Nancy has always liked to sing. She taught herself how to play the guitar, and though she has no formal training, she writes music, as well. She cantors at the weekend masses at St. Joseph Parish in Edgerton. Nancy was nervous when she found out she’d be cantoring at a mass celebrated by the Bishop. However, if anyone would have a suggestion of where her relic should end up, it would be the Bishop.
After mass, she found Bishop Hying and told him about the relic. When she asked him if he had any suggestions on who she should gift the relic to, the Bishop explained to Nancy that he had recently dedicated the expanded St. Francis of Assisi Chapel at Camp Gray. Perhaps her relic would be a perfect addition to Camp Gray.
That’s how it came to be that on a random Tuesday morning in late October, Tim Chaptman received a call from a kind woman named Nancy. It’s not everyday that the folks at Camp Gray receive unsolicited calls from people offering to donate the relics of immensely popular 800 year old saints.
Needless to say, Tim couldn’t quite believe what he was hearing.
Nancy had never heard of Camp Gray (Rest assured, we’ve opened an investigation with Camp’s marketing department to determine why there are those in the Diocese of Madison with no knowledge of Camp Gray). She asked if she could visit so she could meet the staff and see the newly dedicated St. Francis of Assisi Chapel.

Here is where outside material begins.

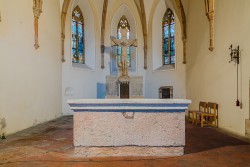 Hlavní oltář kostela Zvěstování Páně („U Svatých“) v Domažlicích se sochou Ukřižovaného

A couple weeks later, Nancy and her sister, arrived at Camp Gray with St. Francis in tow. She said she felt at peace right away.

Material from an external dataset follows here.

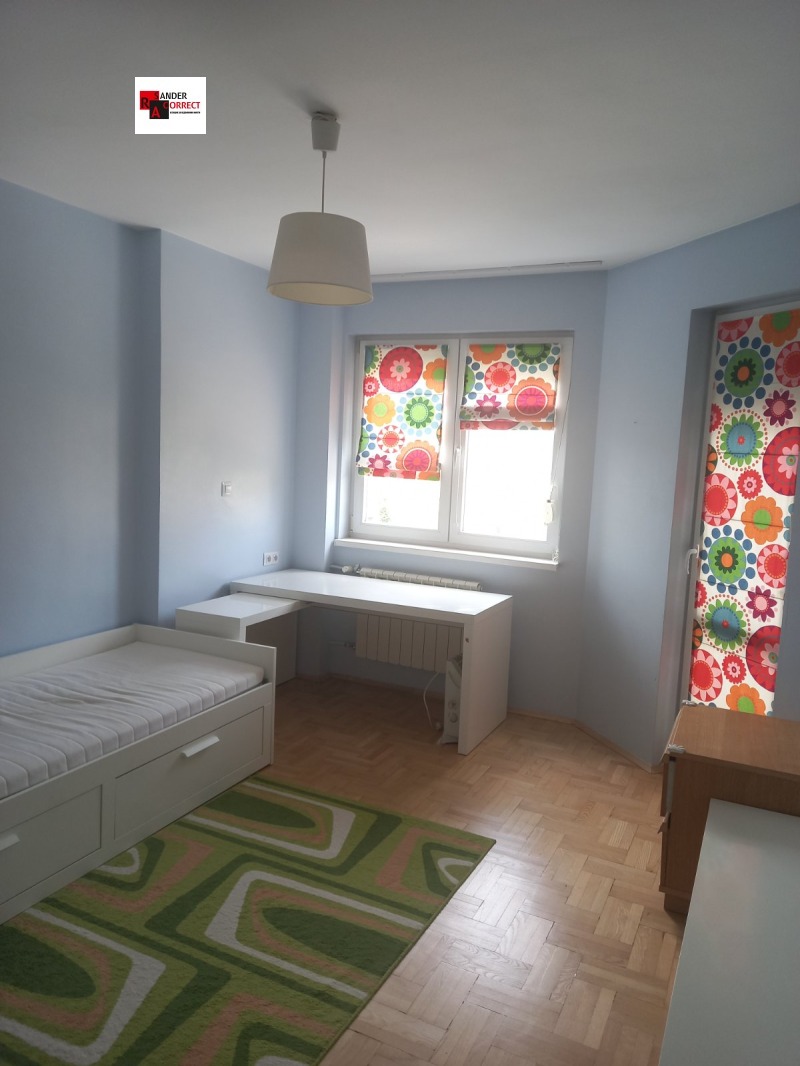 Zu vermieten  3 Schlafzimmer Sofia , Dianabad , 160 qm | 98144210 - Bild [12]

“All those smiling and joyful people seemed so excited and grateful. I just knew the relic should go to Camp Gray,” she recently shared.
For nearly an hour, Nancy spent time in the Chapel with the Camp Gray crew. She shared stories of her family, spoke about the relic, and told of her long and winding journey of faith that led her to that moment. Additionally, she brought her guitar and played a beautiful song she’d written, because nothing accompanies such a wonderful moment better than angelic music.

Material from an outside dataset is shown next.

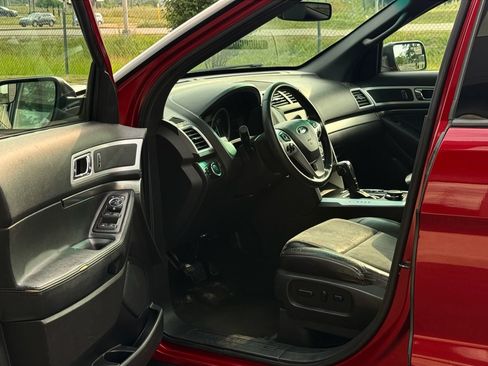 Used 2015 Ford Explorer XLT w/ Equipment Group 202A AWD/4WD image 6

Fr. Luke made sure he was around, as well. For more than a year he’d worked to obtain a relic of St. Francis, even urging Bishop Hying to petition Rome! All along, a kind woman in Edgerton was looking to give her St. Francis of Assisi relic to a worthy home.
Sometimes it can seem as though the answer to a prayer is “No.”
Perhaps more often the answer is, “Not yet.”
It would have been a beautiful blessing to have a relic of St. Francis of Assisi placed within the altar of Camp Gray during the dedication mass.
Instead, a proper reliquary is being built to display this most generous and wonderful addition to Camp Gray. It seems almost more fitting to have the relic of St. Francis of Assisi on display so that for years to come, all that come to Camp Gray can venerate Nancy’s wonderful gift.
For more than a year, the staff at Camp Gray prayed to find a relic of St. Francis of Assisi. For more than a year, Nancy prayed to find a new home for her beloved relic of St. Francis.
Nancy summed it up well, “I truly believe it was an answer to both of our prayers.”
2023 marks 70 years since the founding of Camp Gray. What a gift it is to kick off this year with an expanded Chapel, with a relic of St. Francis of Assisi, and with renewed vigor to spread the Gospel to all those that come to Camp Gray!